Now that I've watched all my castles fall
(They were made of dust, after all)
Someday all this mess will make me laugh
I can't wait, I can't wait, I can't wait...

Richard tombe vraiment de haut et c’est cette chute qui lui fait sans doute le plus mal. Il pourrait affronter certains reproches, il peut comprendre même, qu’on n’approuve pas son couple, ça vraiment, il s’en fiche. Mais les proportions que ça prend sont vraiment délirantes et à ce niveau là, ce qu’on lui reproche tient plutôt du fantasme que de la réalité. Sauf que ce fantasme là pourrait vraiment lui nuire, vraiment ruiner sa vie. L’opinion il s’en fout, il l’a déjà eu sur le dos à la mort de Kristin. C’est le mensonge qu’il ne supporte pas, ça c’est vraiment blessant. Surtout de la part de gens qu’il ne connait pas. Mais peut-être qu’il faut qu’il prenne du recul : après tout, ce ne sont que des mensonges, justement, il ne va pas se laisser abattre pour si peu. « Je suis pas certain que ce soit entièrement une bonne idée. » Répond-il pour la première fois avec amusement. « Certes, ça te défoulerait mais imagine si tu avais des ennuis, qu’est-ce qu’ils diraient de nous, ces idiots, hein ? » Même si, si c’est vrai que Lenny Griffiths est à l’origine de tout ce cirque avec cette campagne d’affichage, elle est vraiment peste quand elle s’y met et qu’elle aurait peut-être besoin qu’on la remette à sa place, mais bon, la vision de Ritchie est forcément biaisée. « Je suis sûr que de toute façon, tu n’auras besoin de rien faire, ils sont tous tellement fous qu’ils vont bien trouver tout seuls de quoi alimenter leurs ragots. Il suffit de voir le nombre de célébrités qui habitent dans le coin, ça serait étonnant qu’ils ne tapent pas dessus à un moment ou un autre. » Oui, vraiment, et puis ce sont des célébrités qui ont fait largement pire que lui. Mais en blaguant, Deborah a réussi à lui redonner un peu le sourire, et ça va un peu mieux. « Je note par contre que tu développes un gout certain pour l’illégalité et les choses borderline, ils vont encore dire que j’ai une mauvaise influence sur toi… » Mais cette fois son regard est franchement pétillant. Peu à peu, l’écrivain se reprend et la période de déprime commence à passer. Oui, il faut qu’il se ressaisisse. Ce sont des mensonges, ils sont horribles, mais maintenant qu’il a cédé, on va lui foutre la paix, ou en tout cas ça va accélérer le fait qu’ils l’oublient.
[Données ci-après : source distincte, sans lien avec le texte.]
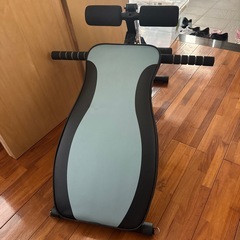 トレーニングベンチ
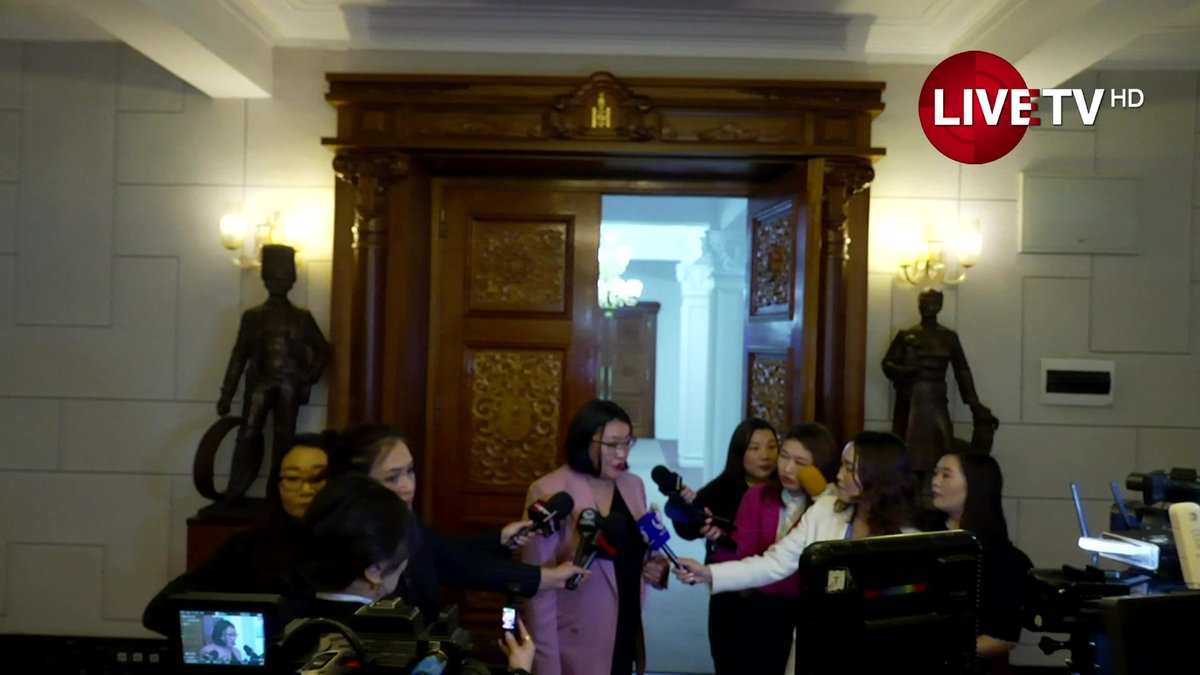 🔴Төрийн албан хаагчид жилийн эцсийн урамшууллаа авч чадахгүй байгаа асуудлаар А.Ариунзаяа гишүүнээс тодруулж байна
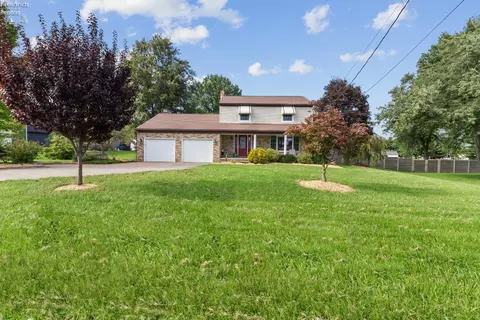 47568 Middle Ridge Rd, Amherst, OH 44001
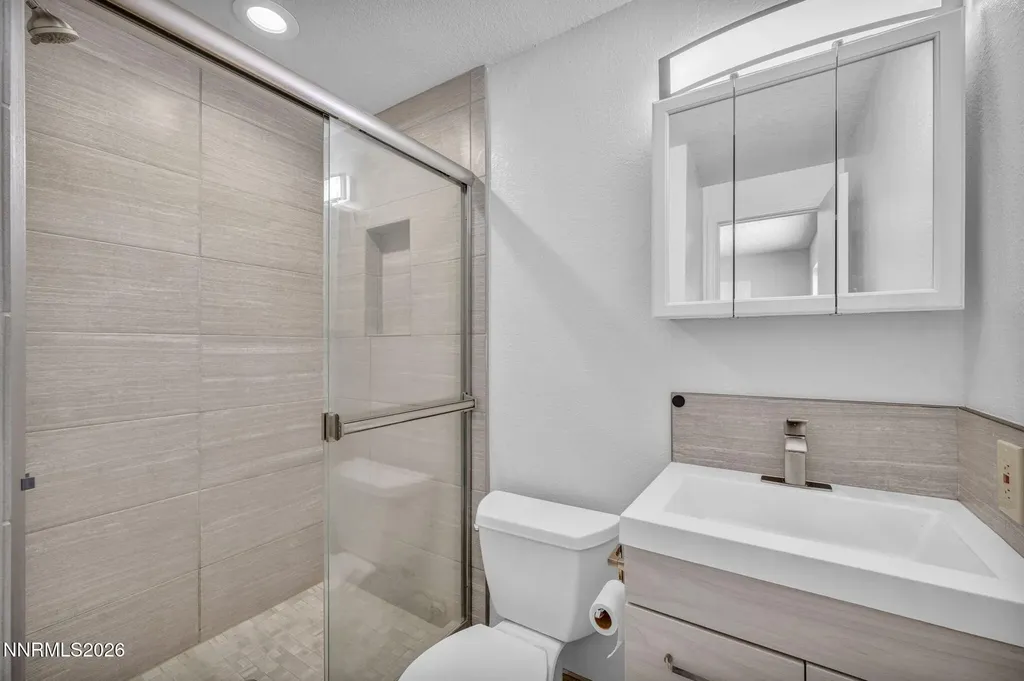123 Broadleaf Carson City NV 89706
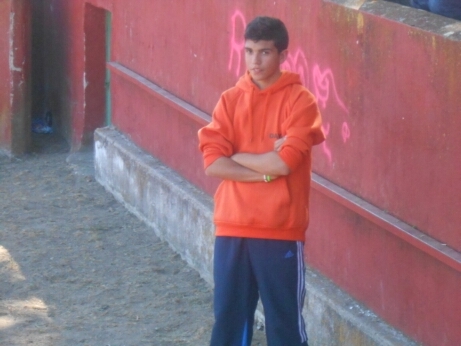 tengo cualidades de portero en mis ratos libres soy dj me encanta la fiesta me gusta bastante acer motocross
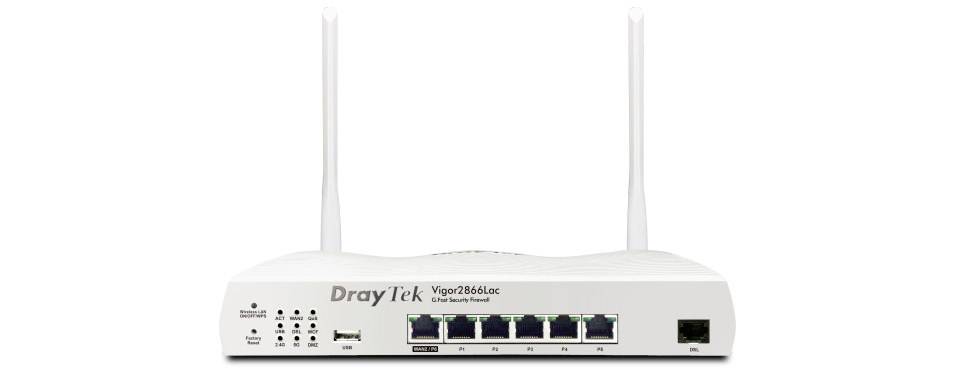Weißer DrayTek Vigor2866LoC WLAN-Router mit zwei Antennen und vorderen Statusleuchten, dargestellt vor einem einfachen Hintergrund.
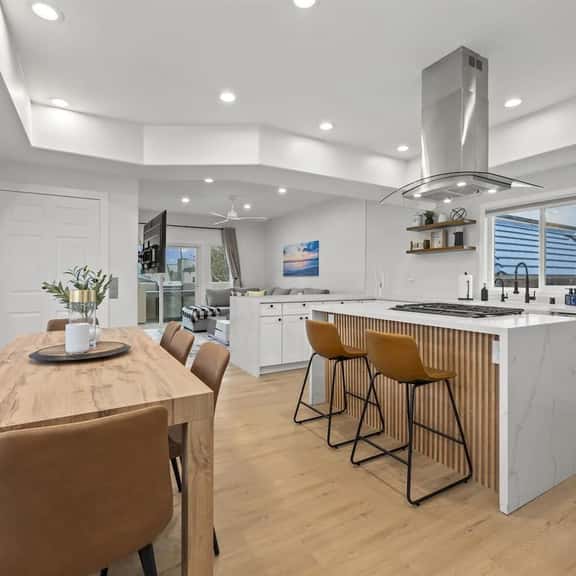 Free Parking! Steps From the Beach! - Image 1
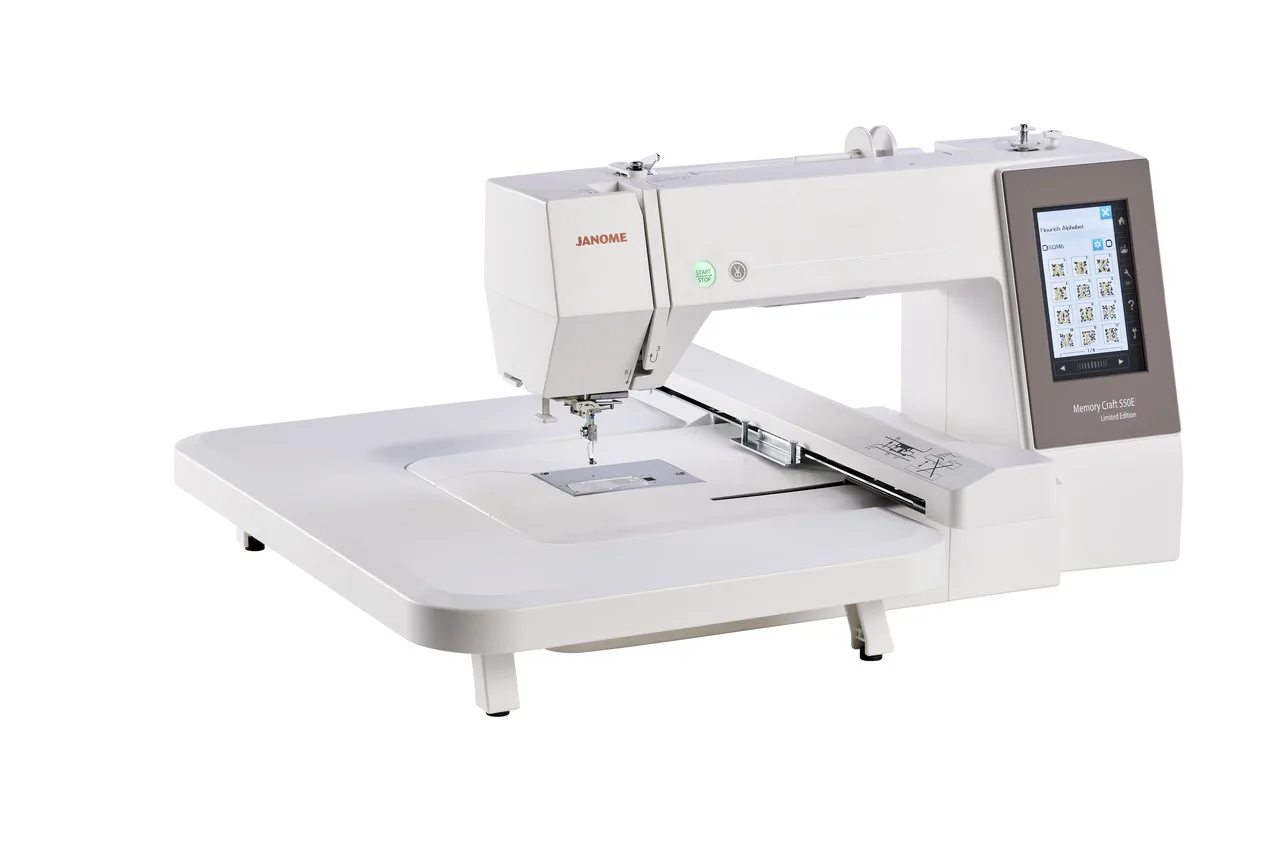 

Новая Оригинальная вышивальная машина Janome Memory Craft 400E с эксклюзивной
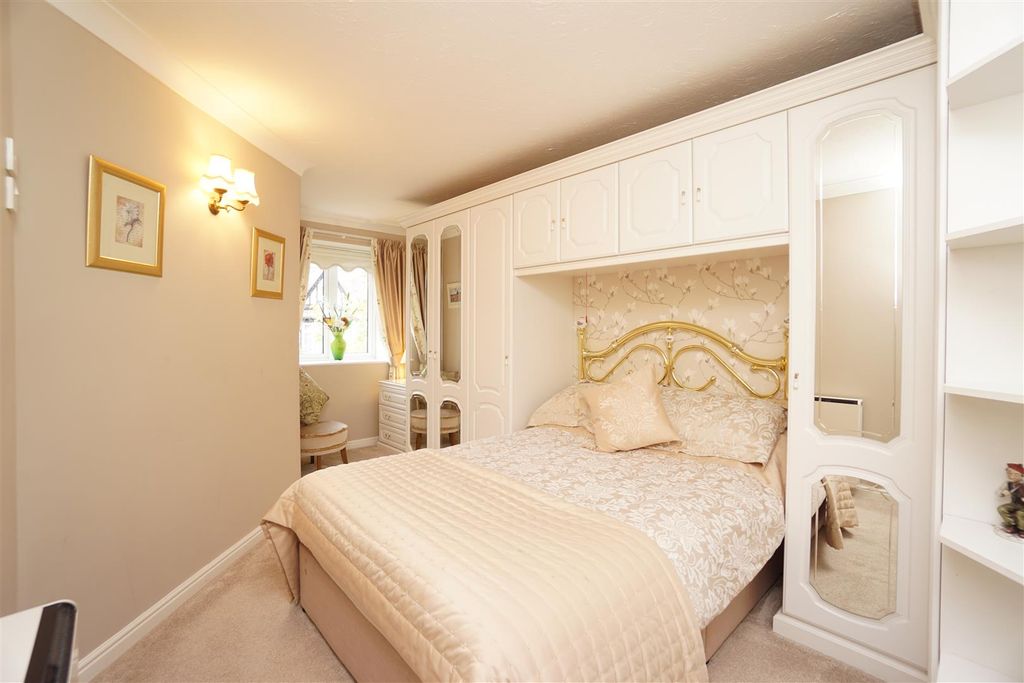 Property photo 2 of 8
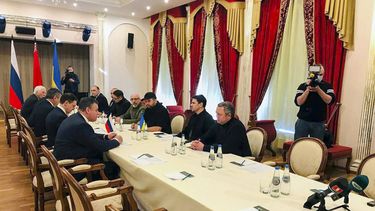 Sin cesar el ataque, Putin exige soberanía rusa en Crimea y desmilitarizar Kiev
Et il ne lui reste lui, qu’à tourner la page : bien sûr que c’est difficile, mais il sait pourquoi il le fait, et clairement, Richard ne regrette pas. Oui, ça en vaut la peine, il lui suffit d’écouter Deborah essayer de la rassurer pour en être convaincu et pour le réaffirmer haut et fort. Mais malheureusement, il n’a pas assez compté sur les angoisses de Deborah, bien réelles pourtant. La plupart du temps, il ne fait que se douter des questions qui agite l’escrimeuse, même s’il essaye de faire ce qu’il peut pour calmer ces peurs-là, qu’il devine en filigranne. C’est la première fois qu’elle lui en parle aussi clairement, et c’est à la fois une tristesse pour Ritchie, parce qu’il voudrait réellement faire disparaitre ces peurs, et aussi quelque chose de touchant, parce qu’il sait aussi que se livrer comme ça n’est vraiment pas du style de Deborah, qui a plutôt tendance à tout garder pour elle. « Hey… Viens là, viens dans mes bras. » Il l’attire contre lui dans une étreinte rassurante. « Tu n’es pas en train de gâcher ma vie, Deborah, vraiment pas. Au contraire, je crois que tu ne réalises pas à quel point tu la rends infiniment meilleure. » Il ajoute avec douceur : « Je savais à quoi m’attendre, tu sais, je sais comment fonctionnent les gens. Ça n’est pas pour ça que ce n’est pas difficile, mais c’est eux le souci, pas toi, d’accord ? » Il continue, toujours sur le même ton apaisant, mais sûr de lui, caressant avec douceur les cheveux de la jeune femme. « Je sais que ça te fait peur, mais crois-moi, vraiment, je ne vais pas partir. Je me suis lancé en connaissance de cause, tu sais ? Parce que j’ai trouvé que ça en valait la peine, et j’en suis toujours persuadé. » Il s’écarte un peu pour la regarder et lui adresser un sourire. « Toi non plus, tu n’es pas près de te débarrasser de moi, parce que je t’aime aussi. » Il l’embrasse, et ajoute : « Si tu veux mon avis, je crois qu’on est coincés ensemble pour un moment, toi et moi, mais je ne peux pas dire que ça me déplaise, tu sais. »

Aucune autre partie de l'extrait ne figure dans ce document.